De onderneming is van mening dat de schuldeisers met het akkoord beter af zijn dan in het geval van een faillissement. De concurrente crediteuren ontvangen in het geval van faillissement geen uitkering. Daarnaast is de waarde van de onderneming in faillissement vele malen lager dan de waarde van de onderneming going concern. Eén van de schuldeisers stelt echter dat een afkoelingsperiode niet in het belang is van de gezamenlijke schuldeisers. Het is namelijk niet gebleken dat een akkoord buiten faillissement een goed alternatief is voor een faillissement doordat geen liquiditeitsbegroting is overlegd.

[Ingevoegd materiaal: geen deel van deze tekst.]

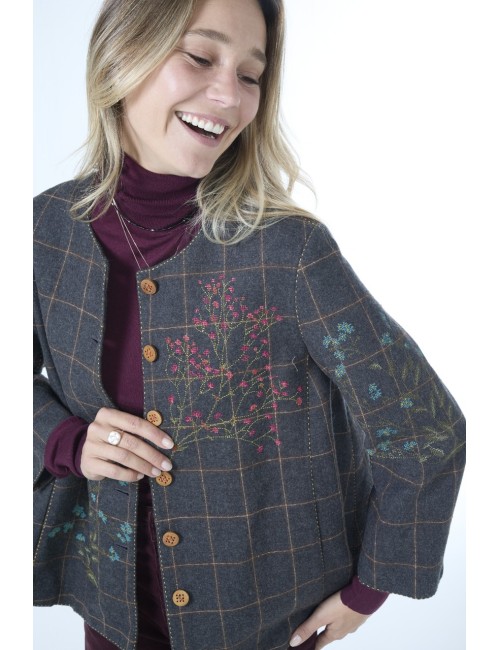 Veste 7XMR-35 - Gris, carreaux bruns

Om te beoordelen of de onderneming in een toestand verkeert, waarin het redelijkerwijs aannemelijk is dat zij insolvent zal raken en of de afkondiging van een afkoelingsperiode in het belang is van de gezamenlijke schuldeisers moet worden bekeken of de onderneming over voldoende liquiditeit beschikt om aan haar lopende verplichtingen te voldoen. De onderneming heeft dit echter niet aannemelijk kunnen maken door het ontbreken van een liquiditeitsprognose. Ook heeft de onderneming geen onderbouwing gegeven of de door haar opgestelde prognoses realistisch en realiseerbaar zijn. Hierdoor is niet voldoende gebleken dat de belangen van de gezamenlijke schuldeisers gediend zijn bij de afkondiging van een afkoelingsperiode. Ook kan niet worden uitgesloten dat de schuldeisers in geval van voortzetting van de onderneming of bij een afwikkeling buiten faillissement juist slechter af zouden zijn. Het verzoek tot het afkondigen van een afkoelingsperiode wordt daarom afgewezen.

Conclusie

Een verzoek tot het afkondigen van een afkoelingsperiode wordt toegewezen als blijkt dat er sprake is van ‘de WHOA-toestand’ en een afkoelingsperiode noodzakelijk is om de onderneming tijdens de voorbereiding van en de onderhandelingen over een akkoord te kunnen blijven voortzetten. Ook moet blijken dat de belangen van de gezamenlijke schuldeiser hierbij gediend zijn en de beslaglegger en/of schuldeiser die het faillissementsverzoek heeft ingediend niet in haar belangen wordt geschaad. Doordat geen liquiditeitsprognose was overgelegd kon niet worden aangenomen dat een afkoelingsperiode in het belang was van de gezamenlijke schuldeisers waardoor de afkoelingsperiode werd afgewezen.